%%

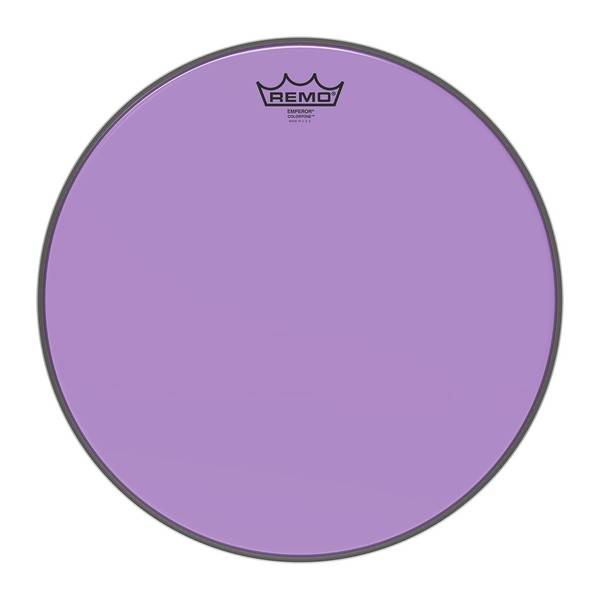 Remo Emperor Colortone 15'' Drum Head, Purple - Main Image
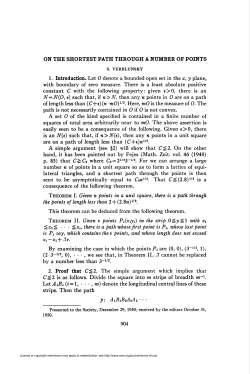 ON THE SHORTEST PATH THROUGH A NUMBER OF POINTS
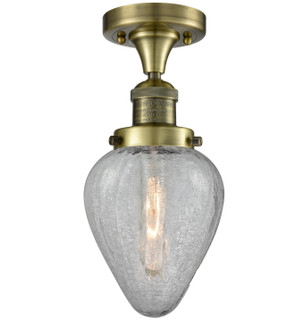 Franklin Restoration One Light Semi-Flush Mount in Antique Brass (405|5171CHABG165)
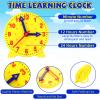 Batiyeer 25 Pcs Teaching Clock Kit Learn to Tell Time Teaching Mini Geared Clock with 3 Time Dice Classroom Educational Kit for Student Basic Math Development Teacher and Classroom Supplies view 3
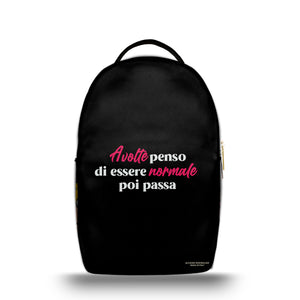 Zaino Imerial A volte penso di essere normale poi passa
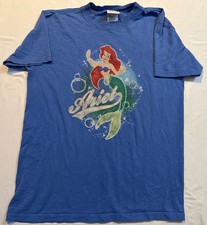 Disney Little Mermaid Ariel Short Sleeve Tshirt Kids 10-12 Vintage 90s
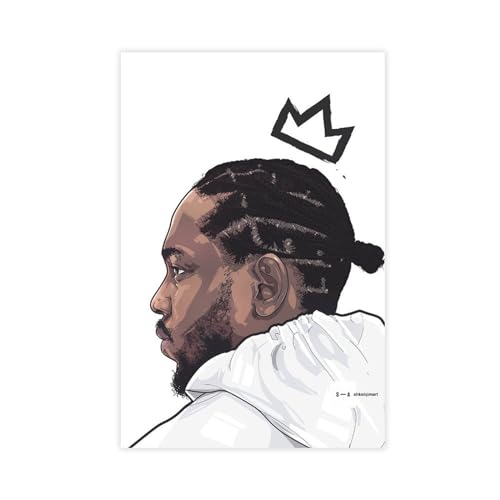 NTRECS Kendrick Lamar Poster auf Leinwand, minimalistisches Leinwandposter, Wandkunst, Dekordruck, Bild Gemälde für Wohnzimmer, Schlafzimmer, Dekoration, ungerahmt, 40 x 60 cm von NTRECS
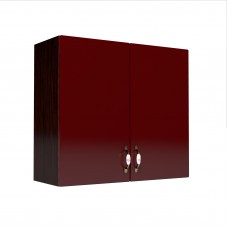 Corp superior 80. cu 2 usi Zebra MDF rosu simplu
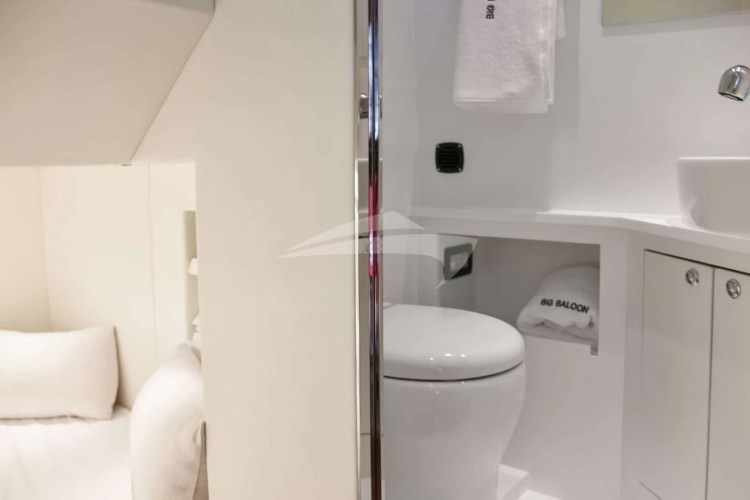 Guest Cabin and Bathroom
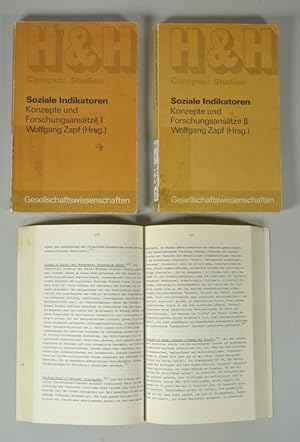 Bild des Verkufers fr Soziale Indikatoren. Konzepte und Forschungsanstze. Sektion soziale Indikatoren in der Deutschen Gesellschaft fr Soziologie, 1., 2. und 3. Band: Berichte und Diskussionen 1972, 1973 und 1974. (H & H Campus: Studien.) zum Verkauf von Antiquariat Bookfarm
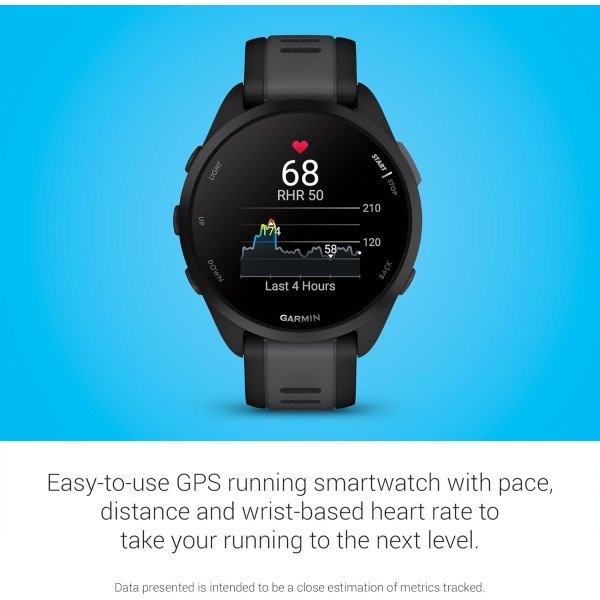 Garmin Forerunner 165 Music GPS Smartwatch 43 mm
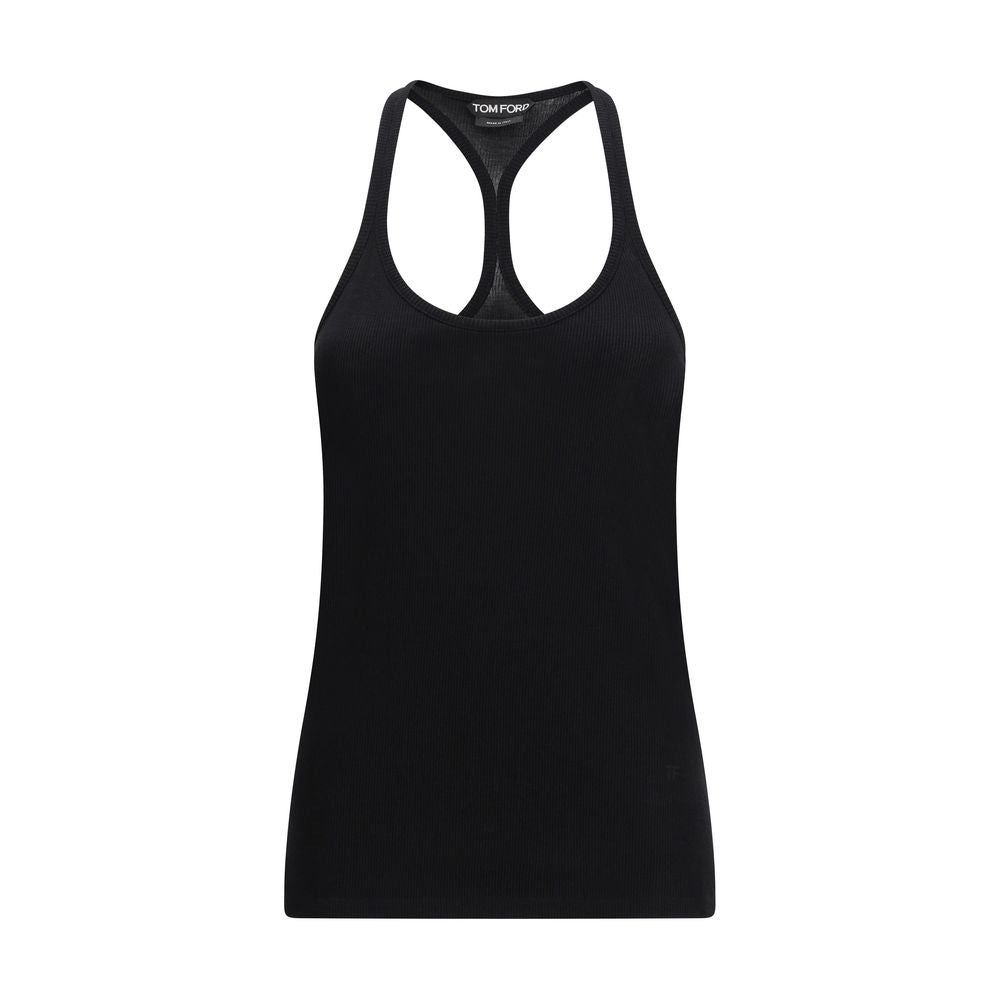 Tom Ford Black Silk Blend Tank Top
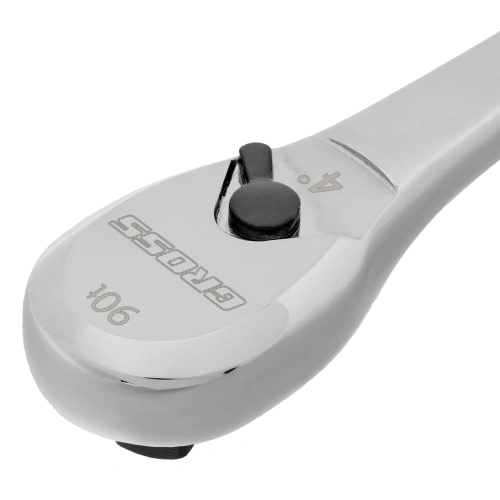 Ключ-трещотка 3/8", CrV, 90 зубьев, усиленный, хром Gross по ценам производителя в Екатеринбурге с доставкой по всей России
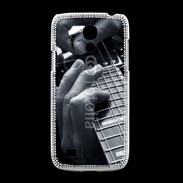 Coque Samsung Galaxy S4mini Musicien de blues à la guitare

%%

Nothing but the lines from the first line of the records above to the line with "Zaino Imerial A", inclusive, should be transcribed exactly, and the pictures must be left out.

[Answer area]
 Remo Emperor Colortone 15'' Drum Head, Purple - Main Image
 ON THE SHORTEST PATH THROUGH A NUMBER OF POINTS
 Franklin Restoration One Light Semi-Flush Mount in Antique Brass (405|5171CHABG165)
 Batiyeer 25 Pcs Teaching Clock Kit Learn to Tell Time Teaching Mini Geared Clock with 3 Time Dice Classroom Educational Kit for Student Basic Math Development Teacher and Classroom Supplies view 3
 Zaino Imerial A volte penso di essere normale poi passa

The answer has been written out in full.